With the way the cable is now routed the motor would have to be dropped to replace the cable.
 
I'm thinking of going with an Archer wireless shifter, like F&F did on his WW bike. I already have the unit, which is not being used right now, so I wouldn't have to purchase one.
With the way the cable is now routed the motor would have to be dropped to replace the cable.
That's a start... Especially when it's in hand, apart already and every cubic mm counts. 👍
 
You were right. Those tires have the proper look. 2.6".
26 size moves the tire back in the stays. Perfect!
As I remember the UC Pro came up to 27 x 2.9"?
Look's like you could fit 3.0" x 26 in there - if it ever strikes your fancy. Any loss in rolling distance can be accommodated with a 52 ring. Price $90, down from $110 when I last priced the 50t Wolftooth.

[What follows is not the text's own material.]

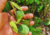 comprar sementes de passiflora coccinea aubl, comprar semente de maracujá flor vermelha, comprar sementes de maracujá raro, comprar sementes de flor da paixão, sementes de maracujá coccinea, comprar sementes de frutas raras, comprar sementes de flor rara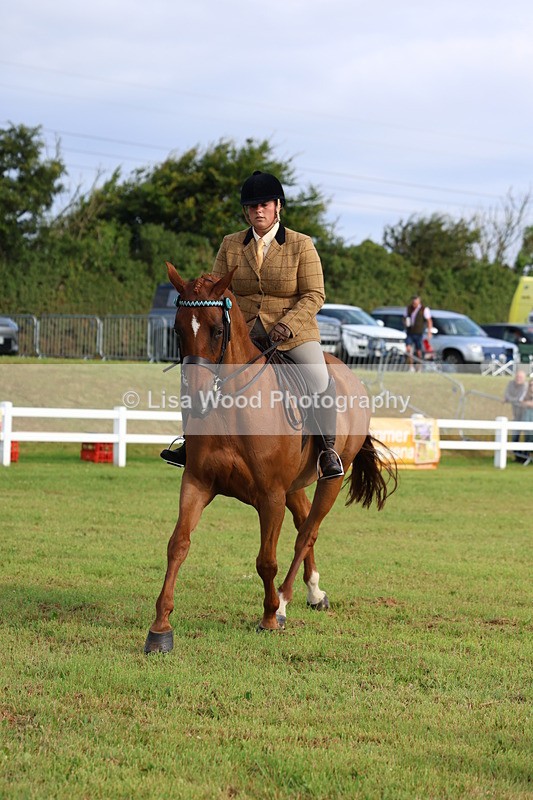 3E7A8227 - Class 2: Rising Star Large Hack/Riding Horse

The Archer is a great idea. Shifts are predictably and can be easily superbly tuned. My problems was throttle housing interference. You're good to go.

Well, so much for waterproofing. The frame's makers drilled/ cut holes in the plate where the tubes are welded - for gas shielding on the back side of the bead. In fact I'd've thought a lot less of the weld's integrity if they hadn't.
But any water into the seat, top and/ or down tubes funnels directly into the motor.
BTW. The hole (large enough to stick my finger into) in my first DP-6 battery case's end (shipping damaged), I can see dead-ended wires with silicone smeared on the ends, and bright wire showing through.
Do you have these internal wiring ports on right side of the downtube?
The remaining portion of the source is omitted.